** Your objective **
If pictures appear among the lines below, leave them out while you return exactly the lines from the one with "The snow globe" through the one with "A buffet setup".

** Provided records **
=-=-=

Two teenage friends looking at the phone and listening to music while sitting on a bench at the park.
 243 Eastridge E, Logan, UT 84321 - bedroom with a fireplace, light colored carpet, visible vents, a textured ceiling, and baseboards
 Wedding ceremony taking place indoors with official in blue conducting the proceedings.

=-=-=

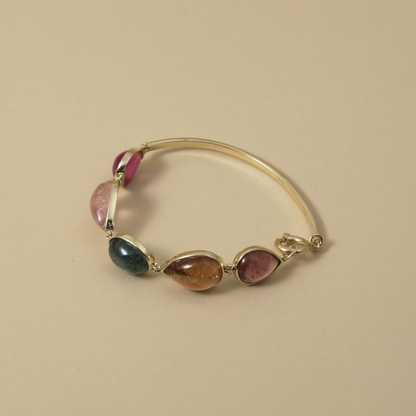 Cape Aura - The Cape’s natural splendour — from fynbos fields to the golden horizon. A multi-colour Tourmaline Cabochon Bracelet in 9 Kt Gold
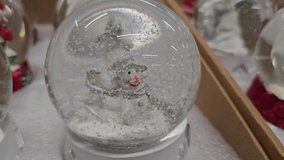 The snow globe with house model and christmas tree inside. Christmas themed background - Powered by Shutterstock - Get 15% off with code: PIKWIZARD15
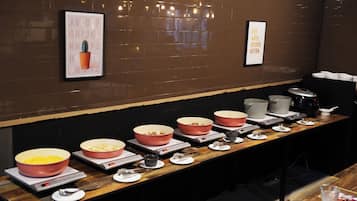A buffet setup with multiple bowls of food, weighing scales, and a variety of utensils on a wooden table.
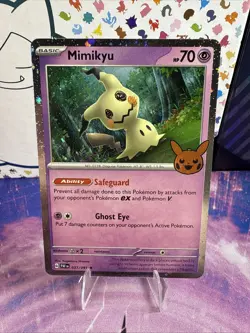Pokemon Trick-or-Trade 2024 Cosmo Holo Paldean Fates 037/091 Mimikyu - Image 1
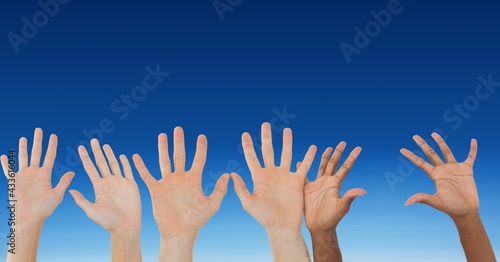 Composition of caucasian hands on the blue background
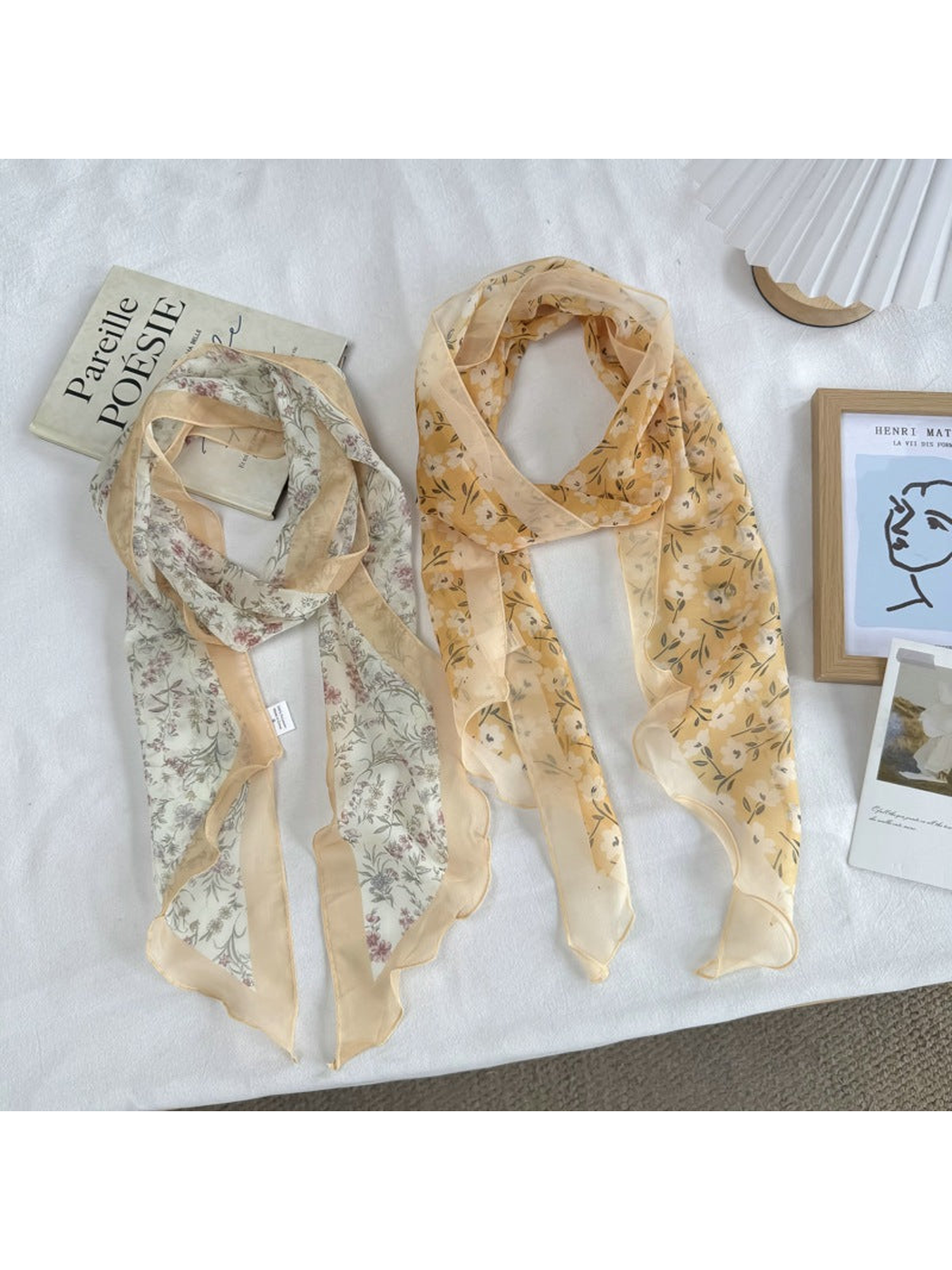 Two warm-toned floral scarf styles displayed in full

=-=-=

** Final answer **
 The snow globe with house model and christmas tree inside. Christmas themed background - Powered by Shutterstock - Get 15% off with code: PIKWIZARD15
A buffet setup with multiple bowls of food, weighing scales, and a variety of utensils on a wooden table.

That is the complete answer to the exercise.